Wednesday, March 30, 2005

Moesko Island Lighthouse

NOTE: Since so many people are finding this post my searching for the phrase "Moesko Island" — nearly fifty a day, by the count of — I thought I'd drop links to two other "Ring"-related posts that you might not find otherwise: "Spreading It Like Sickness" and "Rewind, Rewound."

So I'm writing a review for the "Ring" sequel for Brenna to run in Artsweek this week. I didn't hate it as much as I thought I might. Sequels generally disappoint, and while I think I could have lived happily without seeing this film, it didn't bastardize the original. It seems like the people behind "The Ring Two" actually understood the original, even if they did break the rule of Samara only showing up by popping out of TV sets when some unlucky fucker's seven days are up.

Most anyone who knows me knows I really liked "The Ring," even if a lot of people didn't care for it much. It genuinely scared me and I find it hard to believe it only got a PG-13, even with its lack of gore or raunch. In the neverending fight against writer's block, I re-watched the original when I got home from work. Whether or not you thought the movie worked, I think it's beautiful. The look of it — this gray-blue haze, like some low-lying rainstorm. IMDb says Gore Verbinski looked to the paintings of Andrew Wyeth for visual inspiration, and you can really see it. There's something crisp and cold and vaguely lonely about these and I get that from the movie. (See Christina's World, Wind from the Sea and Fed, all by Wyeth.)

Anyway, watching it again, I realized that aside from being a neat little horror mystery, this movie has a theme of art and creativity and creation in it. All the main characters are make things that could be considered art, in one way or another. Rachel, the Naomi Watts character, is a newspaper reporter and a writer. It's her propensity for words that drives the film's central investigation. I know a news story isn't generally considered art, but it's definitely a creative process — and one that ultimately leads to her survival. Journalism versus Evil: Round One, as bygone Artsweek editor DJ Fatkid headlined my review for the original two years ago. Rachel's ex-husband, Noah, is a photographer. Before he finally believes Rachel's story about a cursed video tape, he uses his camera to conduct his own little investigation. The creepy son is a little artist too. In his first scene, he's drawing a morbid little picture with crayons. He keeps doing this throughout the movie, and one of his doodles eventually provides a pivotal clue for Rachel.

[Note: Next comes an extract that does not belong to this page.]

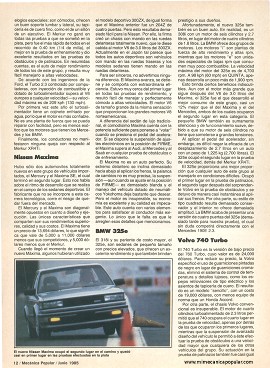 8 de los mejores sedanes deportivos - Junio 1985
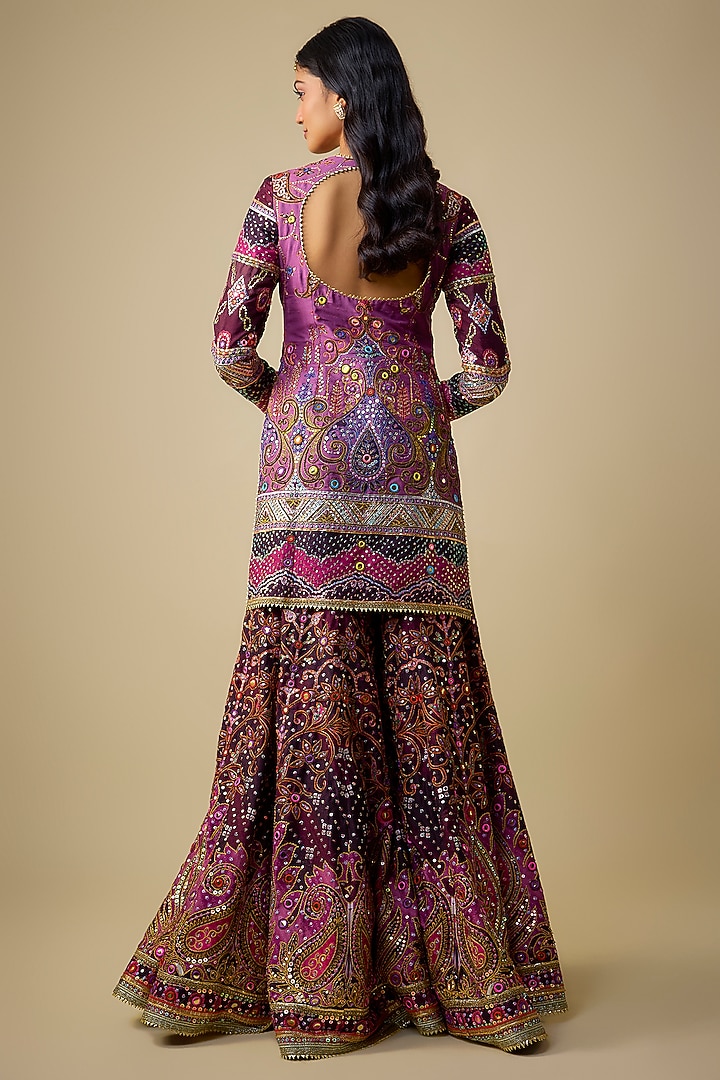 Purple Silk Sequins Embroidered Bridal Sharara Set by Mayyur Girotra at Pernia's Pop Up Shop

And then we have Samara. Oh Samara, the little dickens who re-affirmed my general fear of children, dead or not. In the movie, we learn that Samara had freaky psychic powers, even before she died. She could create images on negatives just by thinking about them. She burned a perfect image of a burning tree into the wall of her bedroom. And she, after all, is the one who put the images on that damned video tape together. (You could also say that Samara is a bit of a sculptor, too — whatever the fuck she does to people sure leaves their corpses in a memorably horrifying state.)

The most interesting artist figure, I guess, would have to be the film's director himself. Not Gore Verbinski himself — though "The Ring" sure springboarded him to bigger and better things — but the idea of a director — the director as an abstract figure. "The Ring" suggests that a film is so powerful that it actually can kill a person — make them feel an emotion so profoundly that it overrides every other bodily impulse and shuts the whole system down. When Samara emerges from the TV to kill one of her viewers, it's like the person has gotten so into the movie that the lines between art and life completely disappears. They let the art in, and when Samara reconfigures their corpse into some horrible death posture, they become art themselves.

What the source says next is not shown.